June 08, 2005 (Computerworld) -- ORLANDO -- Bob Muglia, senior vice president of Microsoft Corp.'s Windows Server division, yesterday offered an update on the company's long-term vision for its server operating system, as well as related software products. Muglia discussed Microsoft's plans to change its Virtual Server product from a separately sold product to an operating system feature in the time frame of the next Windows Server release, code-named Longhorn.
This is Part 1 of the interview. Part 2 of the interview is available online (see story).
At the Windows Hardware Engineering Conference in April, Microsoft said it was leaning toward the elimination of future versions of Virtual Server. Can you flesh out any more details on the plans? Today, we have a product called Virtual Server that sits on top of Windows and provides virtualization capabilities. In the future, we're going to build the hypervisor and the virtualization stack into Windows. So while it's a whole new set of technologies, much, if not all, of what Virtual Server does today goes into the operating system. It becomes an operating system feature.

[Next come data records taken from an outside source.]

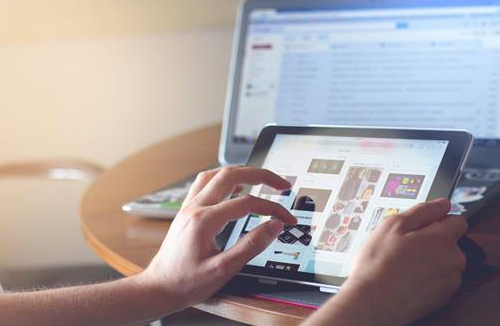 在線教育直播系統(tǒng)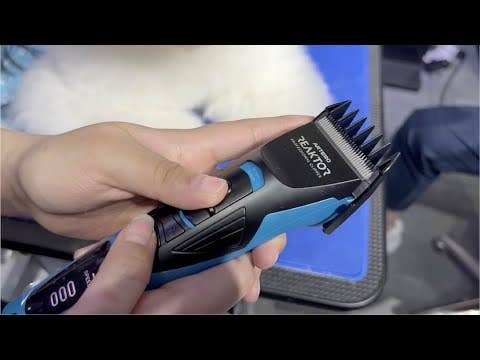 ARTERO Inspiring Style - Wholesale Hair Dryer - Artero Reaktor2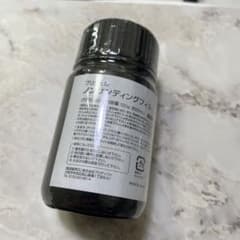 未使用 プリジェル ノンサンディングフィル100g - メルカリ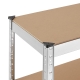 regał-magazynowy-HIGHER-180cm-175kg-OCYNKOWANY-10.jpg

At the same time, we're building a whole set of management services that will exist under System Center. I do think that this is going to be a new product.
So you'll have management capabilities for a virtualized environment? Some management capabilities. When we think about virtualization, we think about it as being inherent in all of the things we deal with in our systems. So virtualization itself belongs in the operating system. Patching of images and image deployment, that's in [Systems Management Server]. Monitoring virtualized systems, that's a [Microsoft Operations Manager] feature. But there are some new features that are very important from the management perspective, like moving virtualized sessions from one machine to another. We don't have a product that does that today. And so we do think that's the potential opportunity to build a new product in that space... System Center something. Maybe it's [called] Virtualization Management. I don't know.
Bob Muglia of Microsoft Corp.
Are there any capabilities to that effect in your current Virtual Server product? Not really.
In third-party products? VMware has some of those, and there are some add-on products to VMware.
Building virtualization capabilities into the operating system is also happening in the Linux world, where large financial institutions are pushing it. Is that the case for Microsoft as well? The same financial institutions are driving us. We have conversations with all of those guys.... There are companies that are using virtualization pretty broadly right now, but it's still very nascent. When you look at the... breadth of the industry and what may get used, it's going to grow tremendously in the next few years. And so our job is simple: It's to make it mainstream. I think that's what we focus on.
What do you think will happen to VMware? I think there's a lot of opportunity for EMC [which purchased VMware in 2003] in general in this space. They can build management solutions. First of all, in our environment, obviously, we'll provide a certain set of capabilities. They might want to provide capabilities in different operating environments. That's one obvious thing. There's a lot management opportunities. There's a lot of opportunity to work with EMC storage.
Will the built-in virtualization capabilities ship with Longhorn, or after Longhorn? In [April], we talked about it as "the Longhorn time frame." And it still is the time frame. When we think about operating system generations, I think about the '07 generations of the operating system, say '07-'08 as all being Longhorn, maybe even to '09 for Longhorn R2. Whether it's '10 or '11, we'll have to look to see. It will be somewhere in that time frame we would do Blackcomb [the successor to Longhorn]. So the virtualization features are in the Longhorn time frame, but it's not in the initial release of Longhorn.
Will Microsoft ship the virtualization features for the operating system as a feature pack add-on to Longhorn? Maybe. I don't know. It may be in [Release 2] as well, although it's got some fundamentals that require some changes to the OS. It's not like WinFS, where it can just be put on incrementally. It does require some changes, so we're still thinking about how to deliver that.
So the virtualization technology will have to be delivered with whatever operating system release is ready? Of some form. One thing we can sometimes do, which we did a lot of in [Service Pack] 1 of Server 2003, is put enabling features into Service Packs and then we turn them on later. So, for example, when we shipped SP1 of 2003, there's code in that Service Pack that gets activated when we ship R2. There may be an ability to do something like that.
Will Longhorn have the enabling capabilities? Some will be in there. But it will probably be mostly in the Service Pack of Longhorn Server.
Or you could just go with R2 of Longhorn Server. Exactly.